5. The Appellant prayed for orders that:a.The Appeal be allowed.b.The Judgment of the Tax Appeals Tribunal dated 21st November 2024 delivered in Tax Appeal Tribunal Appeal No. E292 of 2024 be set aside.c.The Court be pleased to find that the Respondent's additional assessment of KES 2,274, 145. 00 made vide the Additional Assessment Order No. KRA2023XXXX6575 dated 7th December 2023 was erroneous and had no basis in law and the same be and hereby set aside.d.The Court be pleased to and hereby sets aside the Respondent's Objection Decision dated 29th January 2024 and forwarded through an email of 30th January 2024. e.The Respondent be ordered to pay the costs of this Appeal.f.The Court may grant any other alternative relief it deems fit.
6. In response, the Respondent filed a Statement of Facts dated 10th June 2025. The Respondent argued that the Appellant is misleading the Court, while asserting that the issues were conclusively addressed by the Tribunal. The Appellant lodged two separate objections: the first, dated 10th November 2023, opposed the intended rejection of a refund claim of Ksh.2,274,145. This Objection was responded to by an objection decision on 27th November 2023. The Respondent clarifies that the rejection had not yet been implemented on iTax at that point. That the Appellant prematurely objected to a request for documents rather than complying. The second objection, lodged on 21st December 2023, challenged the additional assessment that resulted from the rejected refund claim. This was similarly rejected through an objection decision dated 29th January 2024.
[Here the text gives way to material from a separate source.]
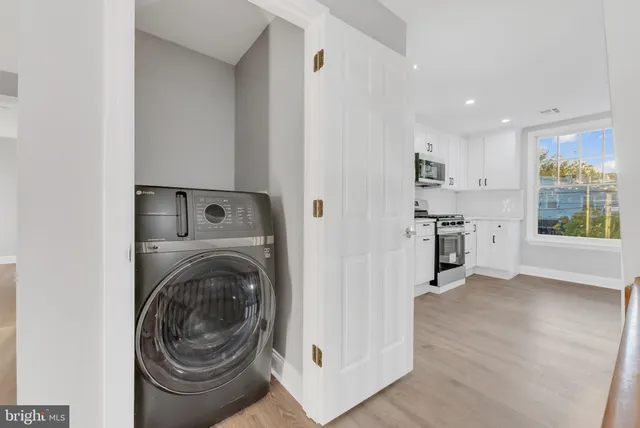 a view of a kitchen with washer and dryer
7. The Respondent explained that the credit claim arose from amounts carried forward from previous years under Section 42. That this section provides relief only in cases involving double taxation under special arrangements. The Appellant had no such arrangements, making the claim invalid. The Respondent emphasizes that refund claims must originate from overpayments made in the same tax year and within the statutory timeframe. Since the Appellant’s credits were from years prior to 2014 and lacked supporting special tax arrangements, they were rightly disallowed. The Respondent concluded that the additional assessment was lawfully issued under Section 47(2) of the Tax Procedures Act, which authorizes audits of refund claims before approval.
Issues for Determination 8. Having carefully considered the written submissions by both parties, the Appeal, Record of Appeal, and the response by the Respondent, the Court frames the following single issue for determination;a)Whether the Tribunal erred in law by dismissing the Appeal and upholding the Objection Decision.
Analysis 9. In determining this Appeal, the Court is cognizant that it is exercising appellate jurisdiction that is circumscribed by Section 56(2) of the Tax Procedures Act (Chapter 469B of the Laws of Kenya) ("the TPA") which provides that;An appeal to the High Court or to the Court of Appeal shall be on a question of law only.
a. Whether the Tribunal erred in law by dismissing the Appeal and upholding the Objection Decision. 10. The Appellant argued that the case before the Tribunal was a case opposing the erroneous additional assessment by the Respondent which culminated in the Objection Decision. The Appellant’s pleadings before the Tribunal sought to set aside the Assessment Order and the Objection Decision. The Statement of Facts filed by the Appellant before the Tribunal also explained how the Assessment Order was erroneously issued. It also informed the Tribunal that the issue of refund was being separately dealt with in another case. However, when the Tribunal delivered its Judgement, it refused to set aside the additional assessment made through the Assessment Order. It went ahead to uphold the Objection Decision, which erroneously confirmed the said Assessment Order.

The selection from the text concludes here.